Sunday, January 10, 2016

Vehicles of Mass Music Consumption.

At the same time that I am in a full-on embrace of the newest way to consume music (Spotify/subscription music services in general) I have started buying CDs again.

I lost my extensive music collection (upwards of 500+ CDs, dozens of mixtapes, and a crate of records) in the tornado of 2011, but I didn't care much because all of that music lived on my laptop as 1s and 0s anyway.

But now, almost exactly 5 years after I spent the winter of 2011 re-ripping all my CDs in 320kbps, I'm beginning to collect CDs again. I don't have much in the way of what you'd call "disposable" income, so I'm not buying albums I already have. But new music I want to OWN, a concept we don't necessarily even have to partake of in a subscription music world anymore, I've been buying used.

While it's easier than it's ever been to acquire music; (with Spotify I pay a monthly fee of $10 and click on a little + sign next to any music I want to "add to my music") this music is not ours.

My new system of acquiring music goes something like this. I hear music I like. If I really like it, I click that little + button. If I listen to it repeatedly for days, weeks, months, I'll look for it used in the physical format of Compact Disc or Vinyl. If the vinyl comes with a digital download and I really really like it, enough to pay 20 bucks, I do so. More often, if the used CD costs roughly the same as buying the album from iTunes or Google Music digitally, I do that. Having that tangible item that is YOURS cannot compare to the ephemeral ownership of digital downloads. Don't even get me started on DRM...
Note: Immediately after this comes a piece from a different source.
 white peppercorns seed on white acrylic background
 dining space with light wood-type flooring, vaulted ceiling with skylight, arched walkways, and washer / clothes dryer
When you get your new-to-you CD home with you and start to rip it into your digital world you get the choice to store it in any size of digital file you'd like. 320kbps is perfectly acceptable, but for the truly important albums, you can go lossless. That's when your digital music sounds just as good as the CD. This is truly important when you care about sound. When you have invested in a good stereo setup, headphones, etc. If you can tell the difference between a CD's sound quality and your digital files, then physical representations of music are still the way to go and I'm glad I'm going back as a way to go forward.

I still don't own a dedicated CD player unless you count the one in my car, which I don't, because I don't spend much time there at all. Listening to CDs will be difficult until I find a component CD player for my stereo, but I've got a little baby CD collection again, and while it's uneven and strange, it's mine and that's pretty cool. I can lend them to friends. I can put them back on my computer if my computer self-destructs. I can open them up and look at the artwork and read the lyrics.